“When we look at Auschwitz we see the end of the process. It’s important to remember that the Holocaust actually did not start from gas chambers. This hatred gradually developed from words, stereotypes & prejudice through legal exclusion, dehumanisation & escalating violence.”
Memorial and Museum Auschwitz-Birkenau
Song: Do Better by Nappy Roots
Article: Confronting and Fighting Horror: On David Livingstone Smith’s “On Inhumanity: Dehumanization and How to Resist It” by Linda Roland Danil
Inspiration for evil by David Livingstone Smith
Thought: This post is in honor of International Holocaust Remembrance Day (Jan 27), the memory of more than six million Jews systematically murdered and for my Jewish friends who still suffer discrimination today. Your faith is beautiful.
There’s been a lot in the news and social media about what makes children (and frankly their parents) uncomfortable these days. We are seeing curriculum and books be banned from schools – topics like gender identity, slavery, racism, the Holocaust, sexual health, sexism, and consent. The word that is commonly used is uncomfortable. It’s supposed to be fucking uncomfortable.

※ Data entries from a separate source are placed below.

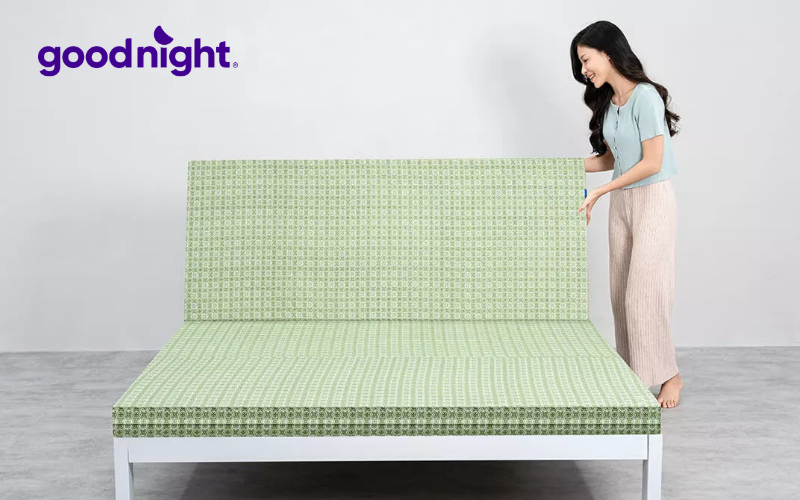 Nệm bông ép gấp 3 là gì? Top 5 sản phẩm nệm được ưa chuộng hiện nay 2 Nệm bông ép gấp 3 là gì?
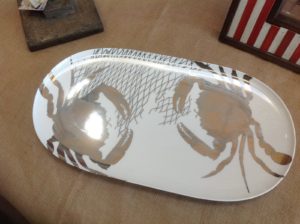 crab plate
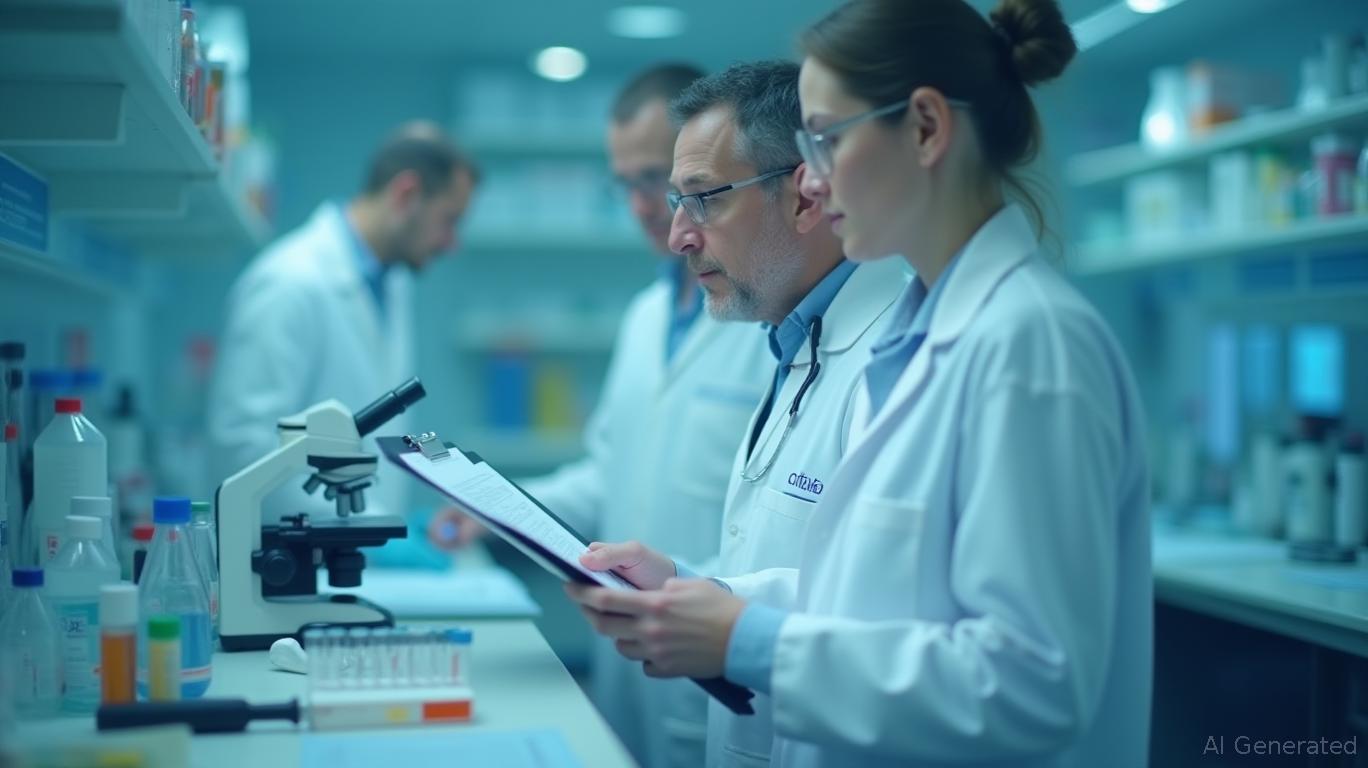 Anbio Biotechnology Soars 10.26%—Is This the Dawn of a Biotech Breakthrough?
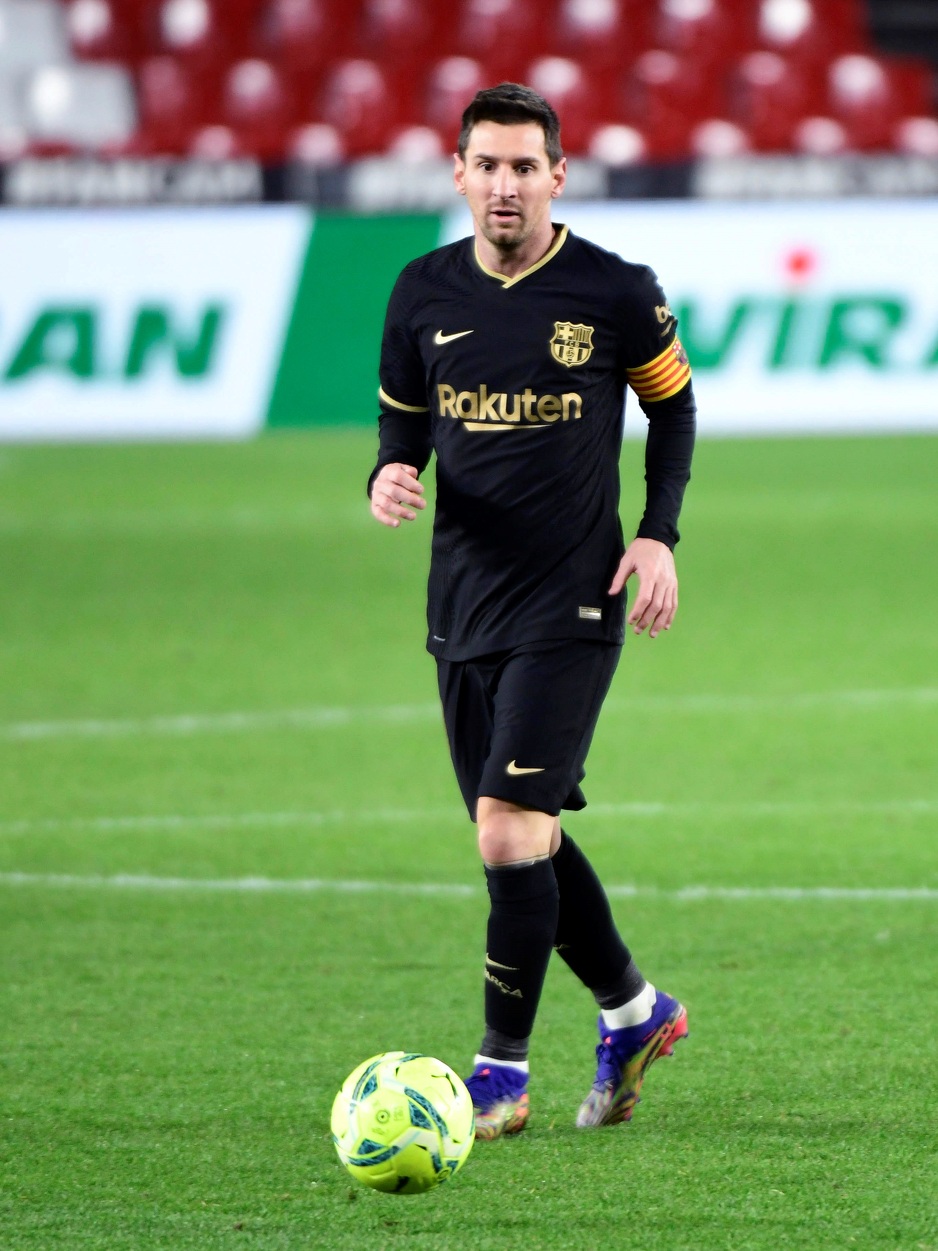 Messi je idol malog Arata (Foto: EPA-EFE)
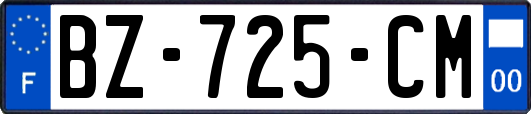 BZ-725-CM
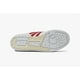 thumbnail image 5 of Ad-id-as Rivalry Low Premium Leather Men's NEW Size 12 White/Scarlet/Cream White, 5 of 6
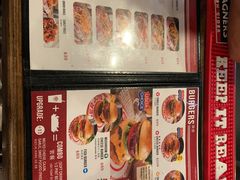 -Burger Joys Central(中环士丹利街店)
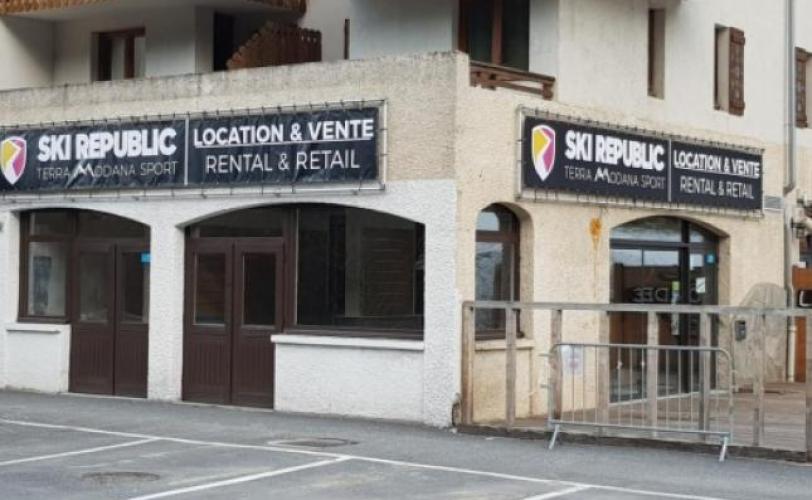 Valfréjus - Terra Modana Sport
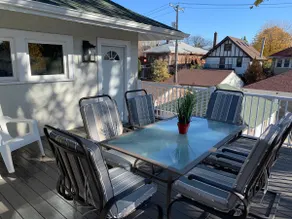 Bright, clean 3 bedroom upper level apartment. - Image 2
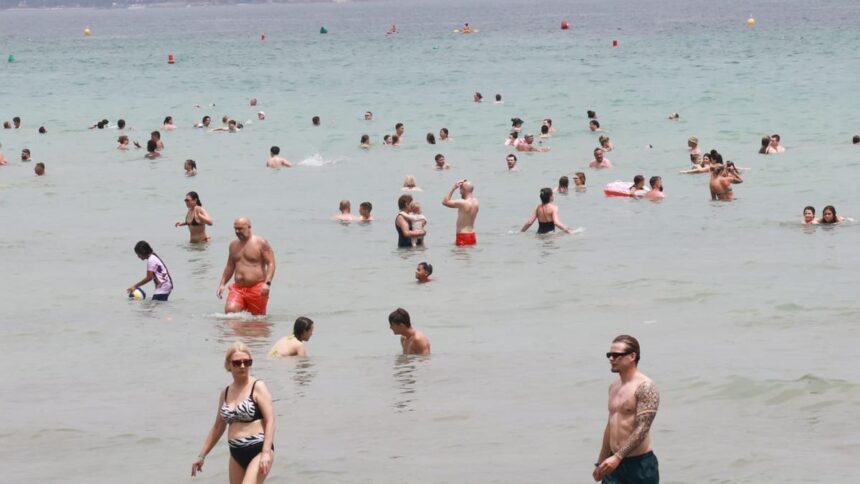 Municipios de Alicante en alerta roja y naranja por calor extremo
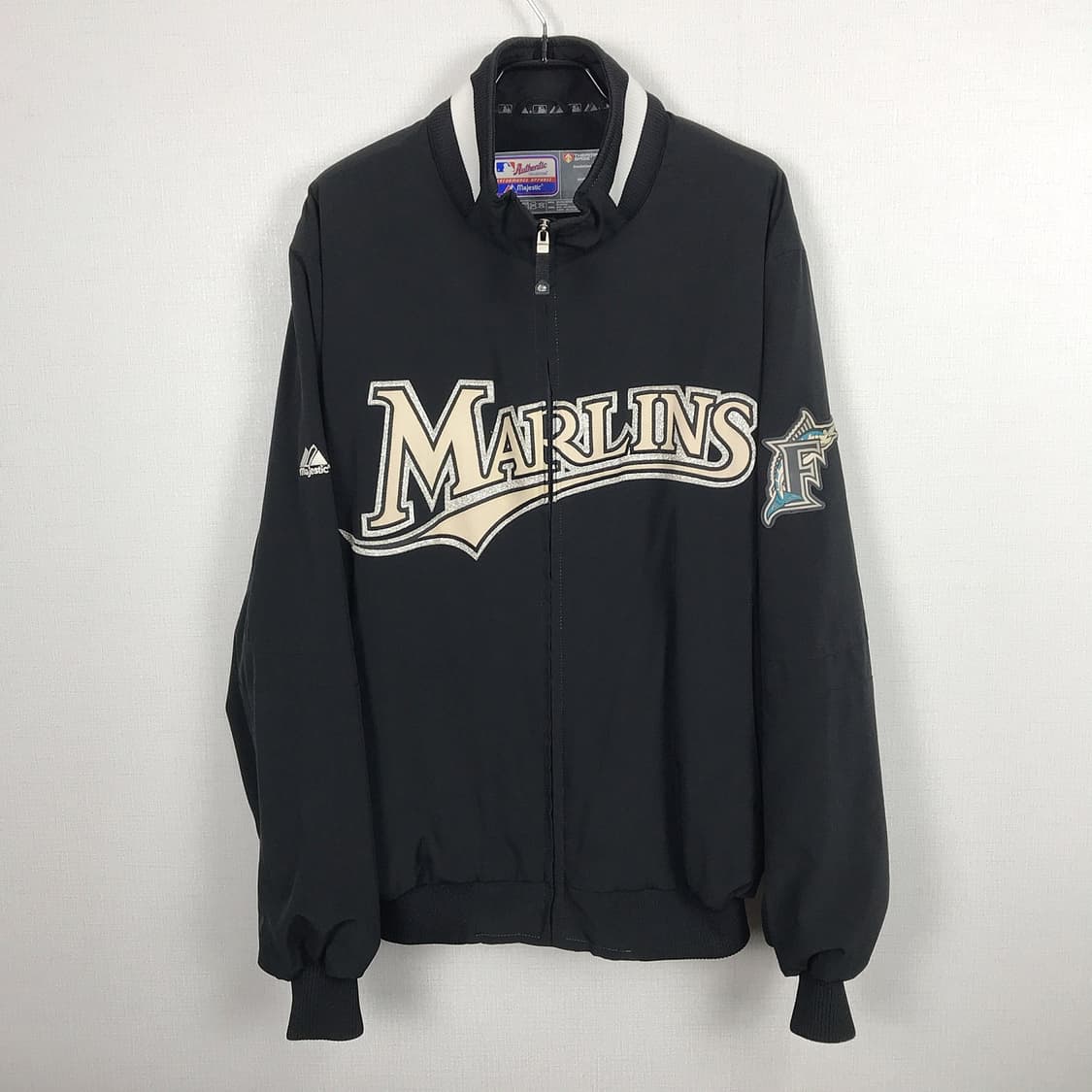 마제스틱 플로리다 말린스 자켓 남성M 상품이미지1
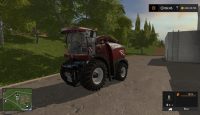 FS17 – Krone Big X 580 Modifiyeli Biçer Döver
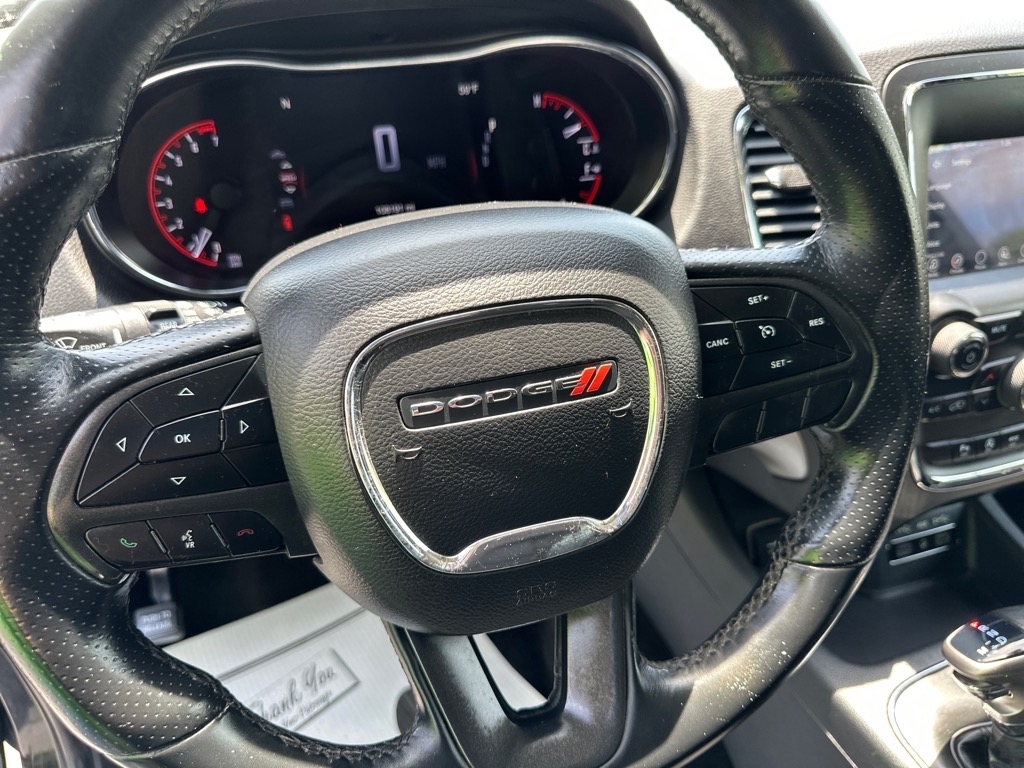 Dodge Durango SXT AWD 2018 Dodge Durango SXT AWD 2018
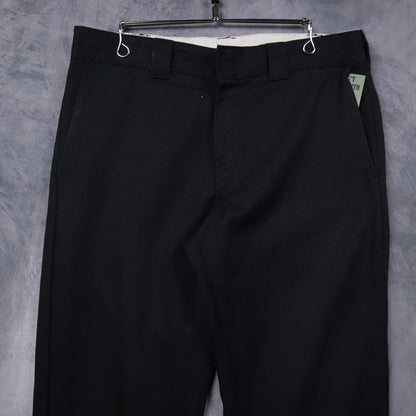 Dickies Black Work Pants 5269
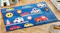 Artiss Cony Children's Floor Rug 160 x 230cm - Traffic Jam Artiss Cony Children's Floor Rug 160 x 230cm - Traffic Jam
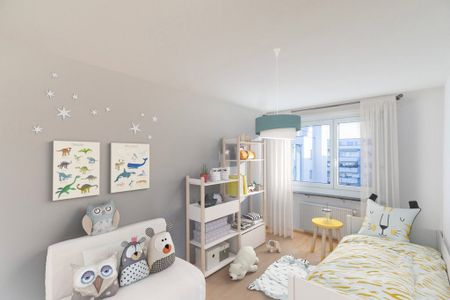 3 Zimmer, 63 m², EG - Photo 3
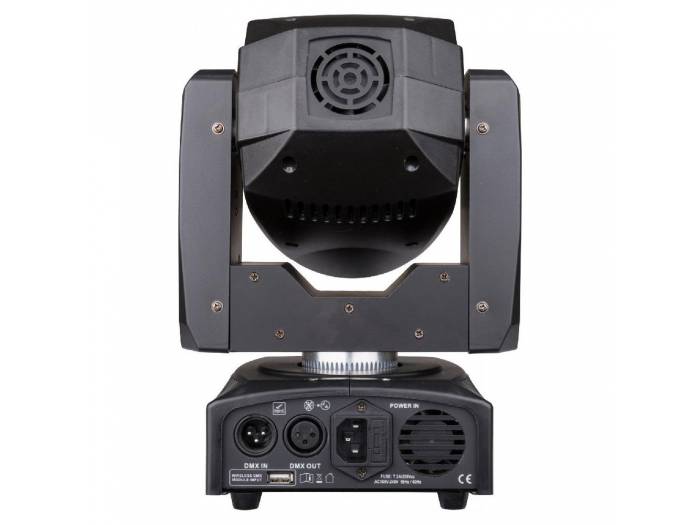 JB SYSTEMS STRIKER CABEZA MÃVIL SPOT / WASH JBSYSTEMS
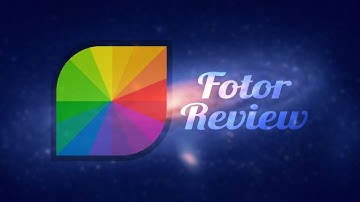 Fotor: App Review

Trevor Noah said this week (paraphrased) that if we don’t teach how we got to the Holocaust, then it becomes a group of people who just got free pajamas and went to camp. Likewise, if we don’t teach about the horrors of slavery, then it becomes laborers working in fields for food, lodging and economics (saying nothing of the color of their skin). If we don’t teach about systemic racism, then it’s easy to say “all lives matter” while watching black children be murdered. If we don’t teach about the torture of Matthew Shepard, then it becomes just a bunch of guys messing around that got out of hand. If we don’t teach why half our population doesn’t have equitable access to health care, then we make laws that result in women suffering and dying. If we don’t teach about consent with horrific examples, then we silence the victim and the abuser goes on committing harm.
The problem with turning away from being uncomfortable means that the history you shy from becomes the new future you create. Do better and be uncomfortable.